- [RECORDS PROVIDED]:
--- START ---

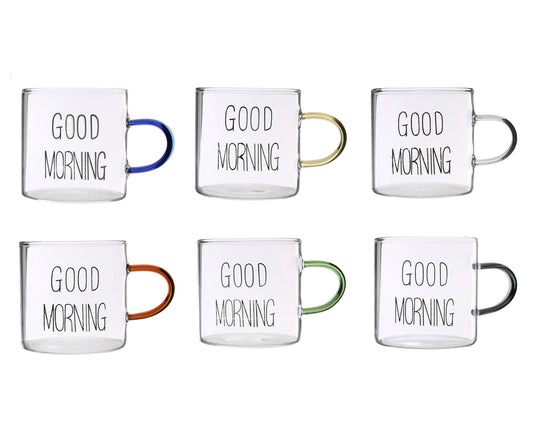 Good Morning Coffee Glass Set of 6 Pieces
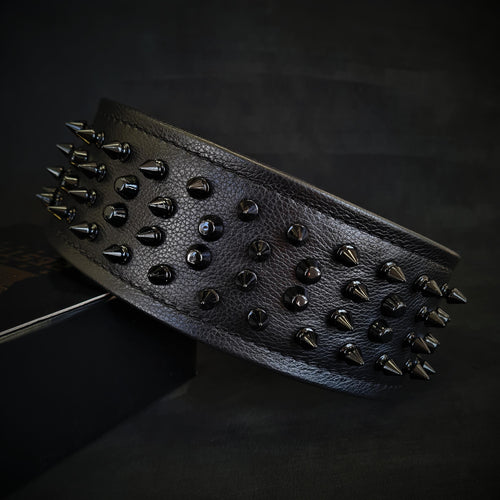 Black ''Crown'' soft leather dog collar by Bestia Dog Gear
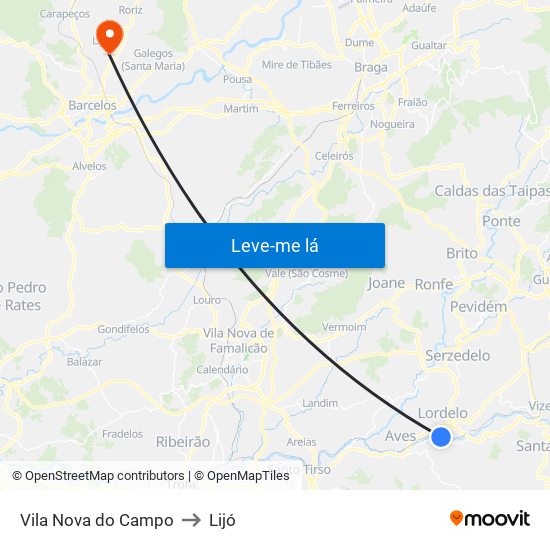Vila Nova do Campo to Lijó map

--- END ---
--- START ---

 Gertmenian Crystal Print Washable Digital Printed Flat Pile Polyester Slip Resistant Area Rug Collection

--- END ---
--- START ---

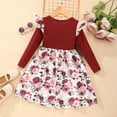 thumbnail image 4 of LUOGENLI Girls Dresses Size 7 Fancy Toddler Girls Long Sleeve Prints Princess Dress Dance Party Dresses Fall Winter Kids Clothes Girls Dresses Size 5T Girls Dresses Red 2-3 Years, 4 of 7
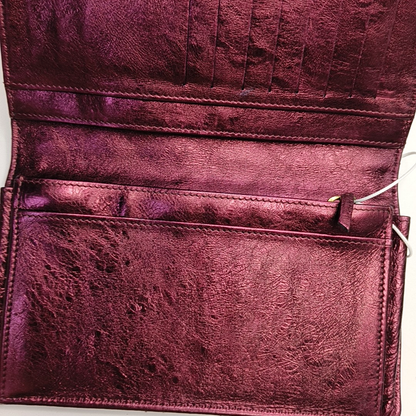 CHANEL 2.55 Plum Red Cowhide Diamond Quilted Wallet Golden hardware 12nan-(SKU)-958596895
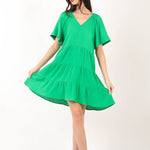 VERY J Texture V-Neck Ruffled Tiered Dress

--- END ---

- [YOUR GOAL]: Skipping every picture, transcribe exactly the lines above from the one containing "Good Morning Coffee Glass Set of 6 Pieces" through the one containing "Vila Nova do Campo to Lijó map", both included.

- [EXERCISE SOLUTION]:
 Good Morning Coffee Glass Set of 6 Pieces
 Black ''Crown'' soft leather dog collar by Bestia Dog Gear
Vila Nova do Campo to Lijó map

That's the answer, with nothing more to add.